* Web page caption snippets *
^^^^^^^^^^^^^^^^
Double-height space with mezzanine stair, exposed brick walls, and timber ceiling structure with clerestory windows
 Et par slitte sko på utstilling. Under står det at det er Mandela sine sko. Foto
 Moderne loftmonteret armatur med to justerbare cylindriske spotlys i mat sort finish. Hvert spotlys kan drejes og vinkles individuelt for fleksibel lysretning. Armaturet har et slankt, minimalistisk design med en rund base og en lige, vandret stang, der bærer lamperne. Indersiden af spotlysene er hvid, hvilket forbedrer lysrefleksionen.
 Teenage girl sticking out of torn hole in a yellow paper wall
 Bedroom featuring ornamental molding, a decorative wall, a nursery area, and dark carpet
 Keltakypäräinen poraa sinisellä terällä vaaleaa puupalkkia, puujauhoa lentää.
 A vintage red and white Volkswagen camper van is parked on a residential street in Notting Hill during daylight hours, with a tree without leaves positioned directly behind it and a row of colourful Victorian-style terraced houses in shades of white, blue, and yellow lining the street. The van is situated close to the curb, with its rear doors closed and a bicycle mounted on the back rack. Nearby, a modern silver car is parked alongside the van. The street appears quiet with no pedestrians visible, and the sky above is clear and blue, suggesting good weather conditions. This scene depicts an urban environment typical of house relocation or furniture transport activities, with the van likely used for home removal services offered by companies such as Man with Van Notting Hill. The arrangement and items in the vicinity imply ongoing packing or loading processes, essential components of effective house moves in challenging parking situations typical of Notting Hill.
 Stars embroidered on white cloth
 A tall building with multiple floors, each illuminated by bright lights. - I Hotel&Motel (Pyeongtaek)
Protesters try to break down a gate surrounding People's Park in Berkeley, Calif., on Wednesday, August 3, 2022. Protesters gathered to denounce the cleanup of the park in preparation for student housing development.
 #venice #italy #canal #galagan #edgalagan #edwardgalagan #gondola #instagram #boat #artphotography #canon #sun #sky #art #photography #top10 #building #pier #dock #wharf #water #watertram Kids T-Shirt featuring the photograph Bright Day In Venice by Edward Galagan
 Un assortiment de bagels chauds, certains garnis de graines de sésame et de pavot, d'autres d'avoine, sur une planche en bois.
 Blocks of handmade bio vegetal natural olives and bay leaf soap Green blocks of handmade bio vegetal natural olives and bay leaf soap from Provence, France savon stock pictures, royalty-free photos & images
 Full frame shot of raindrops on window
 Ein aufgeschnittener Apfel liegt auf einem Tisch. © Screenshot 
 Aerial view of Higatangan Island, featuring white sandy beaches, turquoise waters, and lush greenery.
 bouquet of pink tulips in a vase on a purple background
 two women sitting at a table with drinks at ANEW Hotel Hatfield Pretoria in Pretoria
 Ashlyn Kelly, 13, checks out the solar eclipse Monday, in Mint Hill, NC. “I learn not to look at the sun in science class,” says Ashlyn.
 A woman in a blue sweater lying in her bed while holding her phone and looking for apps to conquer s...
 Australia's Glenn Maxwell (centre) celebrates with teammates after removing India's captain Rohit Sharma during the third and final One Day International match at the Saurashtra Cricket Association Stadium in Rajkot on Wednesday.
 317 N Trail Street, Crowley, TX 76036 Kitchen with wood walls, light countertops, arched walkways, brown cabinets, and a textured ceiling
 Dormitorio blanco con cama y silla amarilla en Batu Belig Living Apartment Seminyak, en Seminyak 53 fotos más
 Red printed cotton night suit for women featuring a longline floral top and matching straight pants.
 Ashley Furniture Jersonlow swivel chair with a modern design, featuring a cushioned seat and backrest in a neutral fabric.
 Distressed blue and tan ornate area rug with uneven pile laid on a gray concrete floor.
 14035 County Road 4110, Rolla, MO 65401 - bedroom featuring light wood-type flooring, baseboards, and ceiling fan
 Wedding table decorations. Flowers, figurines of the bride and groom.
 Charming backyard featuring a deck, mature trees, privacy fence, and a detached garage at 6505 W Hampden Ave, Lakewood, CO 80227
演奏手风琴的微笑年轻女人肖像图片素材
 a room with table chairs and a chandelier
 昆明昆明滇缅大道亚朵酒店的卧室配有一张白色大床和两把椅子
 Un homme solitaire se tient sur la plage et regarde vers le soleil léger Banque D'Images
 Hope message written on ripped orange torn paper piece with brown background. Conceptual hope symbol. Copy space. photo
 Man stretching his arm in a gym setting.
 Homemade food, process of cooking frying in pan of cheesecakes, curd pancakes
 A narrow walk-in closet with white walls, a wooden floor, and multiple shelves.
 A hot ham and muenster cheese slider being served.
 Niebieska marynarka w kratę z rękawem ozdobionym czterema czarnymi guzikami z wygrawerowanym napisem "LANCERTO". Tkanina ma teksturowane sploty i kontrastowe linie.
^^^^^^^^^^^^^^^^
* Task objective *
Keeping every word and mark as it is, print the entries above.

* Written solution *
Double-height space with mezzanine stair, exposed brick walls, and timber ceiling structure with clerestory windows
 Et par slitte sko på utstilling. Under står det at det er Mandela sine sko. Foto
 Moderne loftmonteret armatur med to justerbare cylindriske spotlys i mat sort finish. Hvert spotlys kan drejes og vinkles individuelt for fleksibel lysretning. Armaturet har et slankt, minimalistisk design med en rund base og en lige, vandret stang, der bærer lamperne. Indersiden af spotlysene er hvid, hvilket forbedrer lysrefleksionen.
 Teenage girl sticking out of torn hole in a yellow paper wall
 Bedroom featuring ornamental molding, a decorative wall, a nursery area, and dark carpet
 Keltakypäräinen poraa sinisellä terällä vaaleaa puupalkkia, puujauhoa lentää.
 A vintage red and white Volkswagen camper van is parked on a residential street in Notting Hill during daylight hours, with a tree without leaves positioned directly behind it and a row of colourful Victorian-style terraced houses in shades of white, blue, and yellow lining the street. The van is situated close to the curb, with its rear doors closed and a bicycle mounted on the back rack. Nearby, a modern silver car is parked alongside the van. The street appears quiet with no pedestrians visible, and the sky above is clear and blue, suggesting good weather conditions. This scene depicts an urban environment typical of house relocation or furniture transport activities, with the van likely used for home removal services offered by companies such as Man with Van Notting Hill. The arrangement and items in the vicinity imply ongoing packing or loading processes, essential components of effective house moves in challenging parking situations typical of Notting Hill.
 Stars embroidered on white cloth
 A tall building with multiple floors, each illuminated by bright lights. - I Hotel&Motel (Pyeongtaek)
Protesters try to break down a gate surrounding People's Park in Berkeley, Calif., on Wednesday, August 3, 2022. Protesters gathered to denounce the cleanup of the park in preparation for student housing development.
 #venice #italy #canal #galagan #edgalagan #edwardgalagan #gondola #instagram #boat #artphotography #canon #sun #sky #art #photography #top10 #building #pier #dock #wharf #water #watertram Kids T-Shirt featuring the photograph Bright Day In Venice by Edward Galagan
 Un assortiment de bagels chauds, certains garnis de graines de sésame et de pavot, d'autres d'avoine, sur une planche en bois.
 Blocks of handmade bio vegetal natural olives and bay leaf soap Green blocks of handmade bio vegetal natural olives and bay leaf soap from Provence, France savon stock pictures, royalty-free photos & images
 Full frame shot of raindrops on window
 Ein aufgeschnittener Apfel liegt auf einem Tisch. © Screenshot 
 Aerial view of Higatangan Island, featuring white sandy beaches, turquoise waters, and lush greenery.
 bouquet of pink tulips in a vase on a purple background
 two women sitting at a table with drinks at ANEW Hotel Hatfield Pretoria in Pretoria
 Ashlyn Kelly, 13, checks out the solar eclipse Monday, in Mint Hill, NC. “I learn not to look at the sun in science class,” says Ashlyn.
 A woman in a blue sweater lying in her bed while holding her phone and looking for apps to conquer s...
 Australia's Glenn Maxwell (centre) celebrates with teammates after removing India's captain Rohit Sharma during the third and final One Day International match at the Saurashtra Cricket Association Stadium in Rajkot on Wednesday.
 317 N Trail Street, Crowley, TX 76036 Kitchen with wood walls, light countertops, arched walkways, brown cabinets, and a textured ceiling
 Dormitorio blanco con cama y silla amarilla en Batu Belig Living Apartment Seminyak, en Seminyak 53 fotos más
 Red printed cotton night suit for women featuring a longline floral top and matching straight pants.
 Ashley Furniture Jersonlow swivel chair with a modern design, featuring a cushioned seat and backrest in a neutral fabric.
 Distressed blue and tan ornate area rug with uneven pile laid on a gray concrete floor.
 14035 County Road 4110, Rolla, MO 65401 - bedroom featuring light wood-type flooring, baseboards, and ceiling fan
 Wedding table decorations. Flowers, figurines of the bride and groom.
 Charming backyard featuring a deck, mature trees, privacy fence, and a detached garage at 6505 W Hampden Ave, Lakewood, CO 80227
演奏手风琴的微笑年轻女人肖像图片素材
 a room with table chairs and a chandelier
 昆明昆明滇缅大道亚朵酒店的卧室配有一张白色大床和两把椅子
 Un homme solitaire se tient sur la plage et regarde vers le soleil léger Banque D'Images
 Hope message written on ripped orange torn paper piece with brown background. Conceptual hope symbol. Copy space. photo
 Man stretching his arm in a gym setting.
 Homemade food, process of cooking frying in pan of cheesecakes, curd pancakes
 A narrow walk-in closet with white walls, a wooden floor, and multiple shelves.
 A hot ham and muenster cheese slider being served.
 Niebieska marynarka w kratę z rękawem ozdobionym czterema czarnymi guzikami z wygrawerowanym napisem "LANCERTO". Tkanina ma teksturowane sploty i kontrastowe linie.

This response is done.